ASSIGNMENT:
Below are some entries. Repeat exactly the lines from the one with "Swan dancing Necklace" through the one with "Couette-café Al Palmento Cruillas 2*", and only those.

== THE INPUT ==

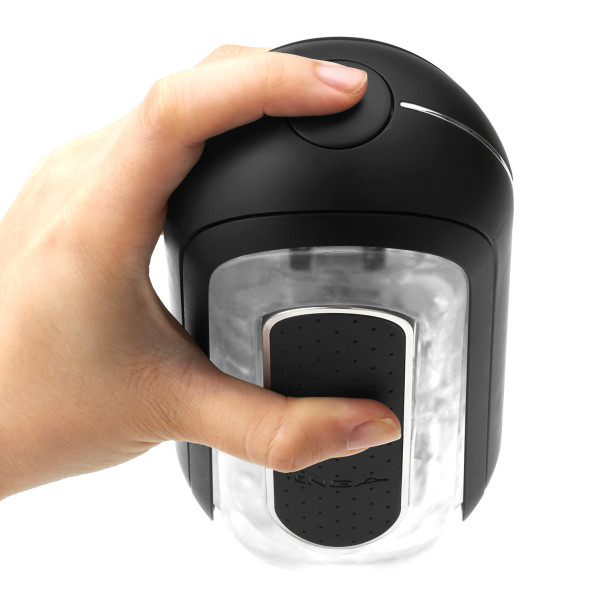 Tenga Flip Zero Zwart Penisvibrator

===
== THE INPUT ==

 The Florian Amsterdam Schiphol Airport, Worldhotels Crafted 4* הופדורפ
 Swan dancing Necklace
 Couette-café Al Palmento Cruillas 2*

===

RESULT BELOW:
 Swan dancing Necklace
 Couette-café Al Palmento Cruillas 2*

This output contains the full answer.